Cincinnati company challenged by high oil and resin prices, and downturn in new business orders.

CINCINNATI (AP) – Milacron Inc., a supplier of plastics processing equipment and metal-cutting fluids, that hasn't posted an annual profit in at least five years, will temporarily cut pay for some employees while about 800 others take two-week furloughs, the company announced Thursday.

''The purpose is to save people and jobs,'' said Al Beaupre, spokesman for the Cincinnati-based company.

About 800 employees in the company's injection molding operations in Batavia and Mount Orab will take two-week furloughs without pay on a staggered schedule over the next 16 weeks, Beaupre said.

Milacron stock has traded under $1 per share since last summer, when the New York Stock Exchange warned the company that it could face delisting or suspension if its average 30-day share price does not rise above the $1-a-share minimum in six months, a window that expires this week.
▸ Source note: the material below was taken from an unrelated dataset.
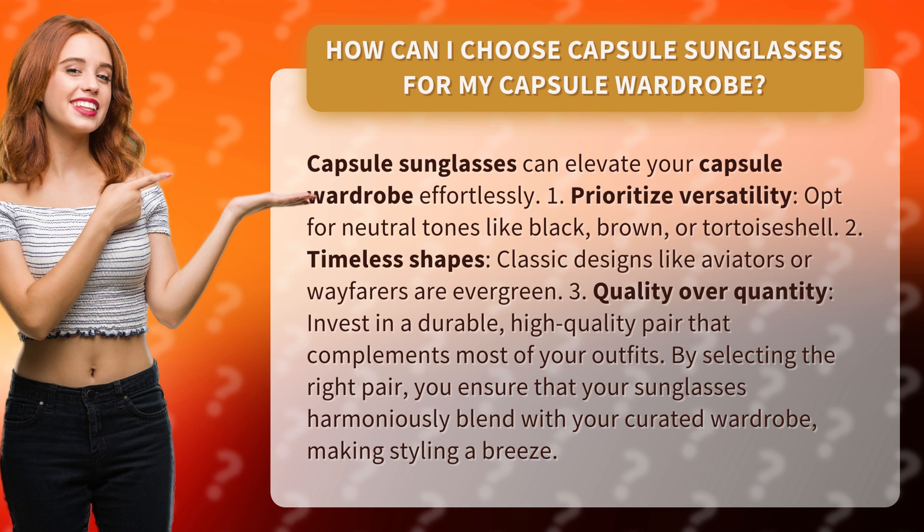Three: quality over quantity — invest in a durable, high-quality pair that complements most of your outfits. By selecting the right pair, you ensure that your sunglasses harmoniously blend with your curated wardrobe, making styling a breeze.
The company has been listed on the NYSE for 60 years.

Milacron's shares fell 2 cents Wednesday to close at 87 cents. Fourth-quarter earnings and year-end results are due out Friday.

The company was expecting a turnaround in its injection molding business based on $30 million in new orders from an international plastics show in June, but industrywide orders have been down as much as 40 percent this year, Beaupre said.

The unit has been hurt by higher prices for oil and resin, and ''problems within the automotive supplier network,'' he said.

Workers can use vacation time during the furlough, and they will be eligible for unemployment benefits during the second week, he said.

Some employees who are considered essential to company operations will receive a 3 percent pay cut for the 16-week period instead of furloughs.

''We expect the market to recover in the second half of the year, and this is an attempt to maintain jobs until we see that improvement,'' Beaupre said.